▶ [Activity] Output only the lines below from the one holding "Women's Casual Letter" down to the one holding "Wonderland Samsung Galaxy", both end lines included and every picture dropped.

▶ [Data provided]
───
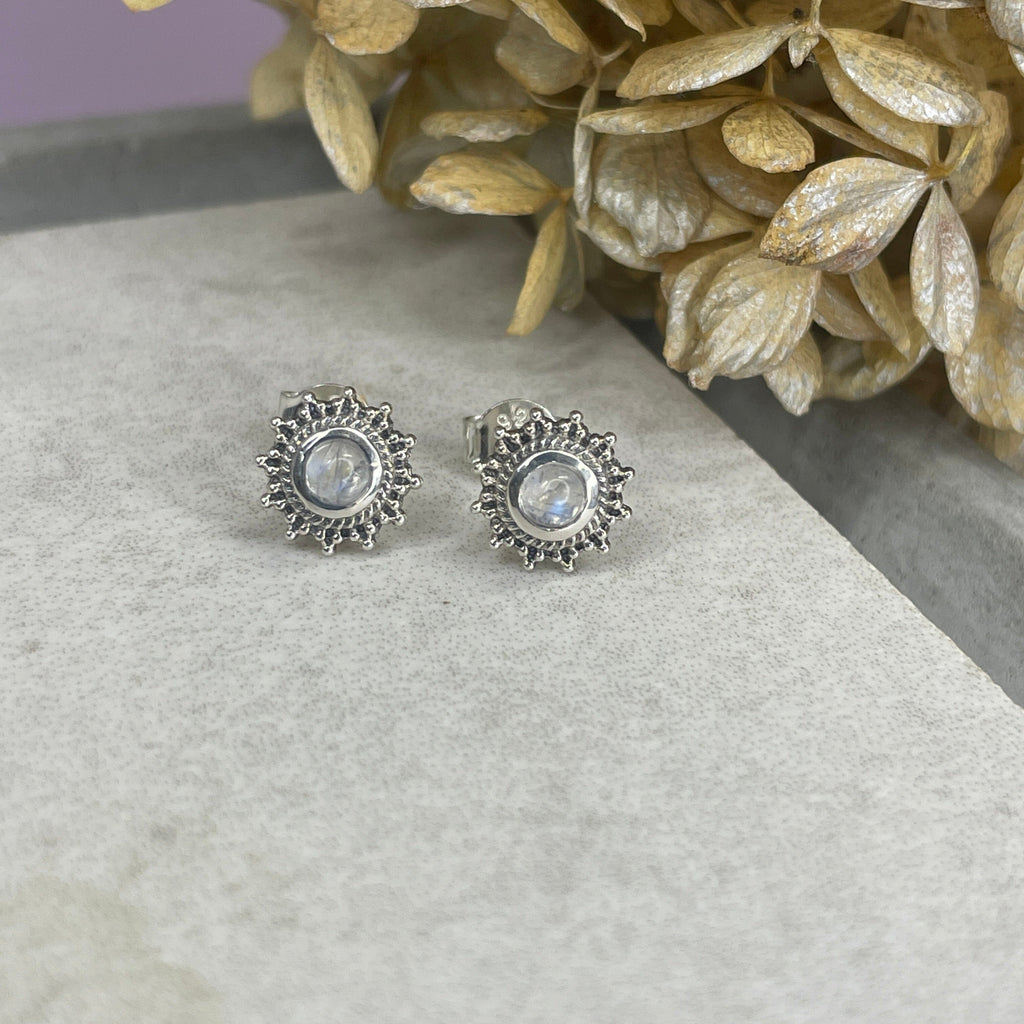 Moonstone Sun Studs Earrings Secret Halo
───
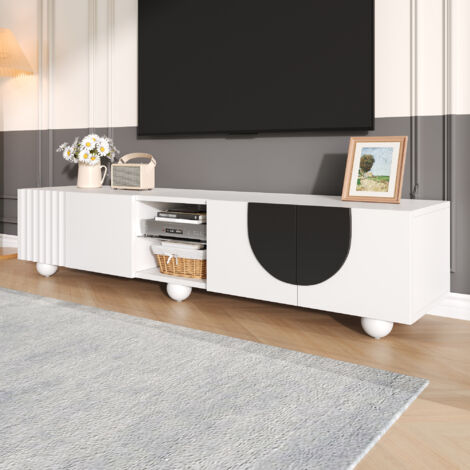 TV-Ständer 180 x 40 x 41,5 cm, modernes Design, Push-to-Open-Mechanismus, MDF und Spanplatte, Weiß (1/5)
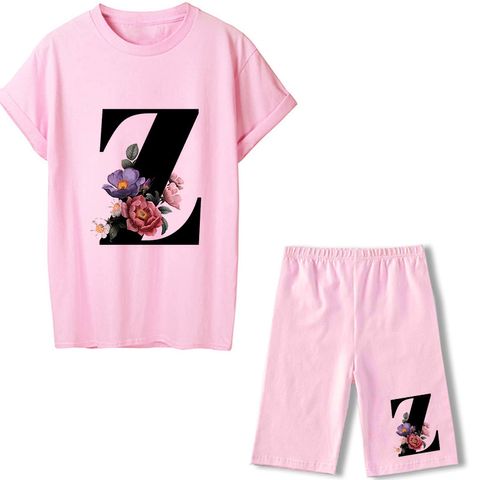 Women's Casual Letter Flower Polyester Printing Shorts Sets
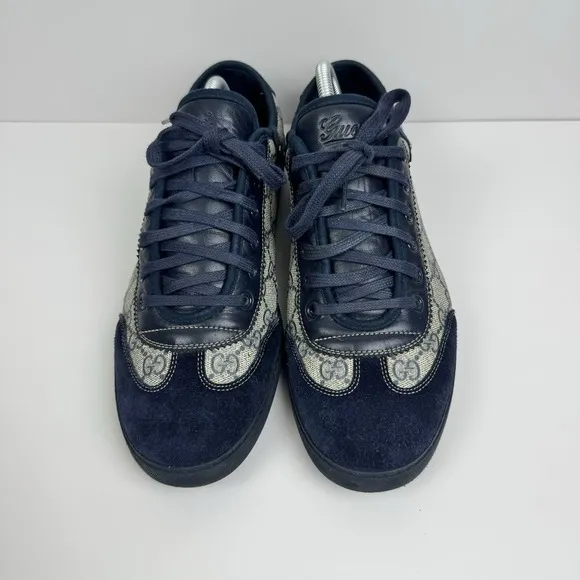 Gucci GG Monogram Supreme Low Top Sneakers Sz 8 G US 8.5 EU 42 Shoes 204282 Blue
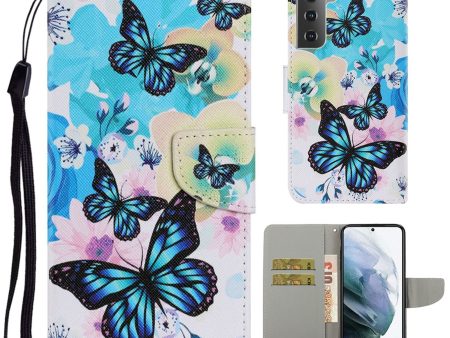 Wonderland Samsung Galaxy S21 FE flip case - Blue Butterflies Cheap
───
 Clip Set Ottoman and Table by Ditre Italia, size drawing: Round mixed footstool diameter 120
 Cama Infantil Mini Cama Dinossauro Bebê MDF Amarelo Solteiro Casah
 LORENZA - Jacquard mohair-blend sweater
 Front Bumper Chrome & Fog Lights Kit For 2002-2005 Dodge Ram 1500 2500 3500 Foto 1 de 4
───
▶ [Solved exercise]
 Women's Casual Letter Flower Polyester Printing Shorts Sets
 Gucci GG Monogram Supreme Low Top Sneakers Sz 8 G US 8.5 EU 42 Shoes 204282 Blue
 Wonderland Samsung Galaxy S21 FE flip case - Blue Butterflies Cheap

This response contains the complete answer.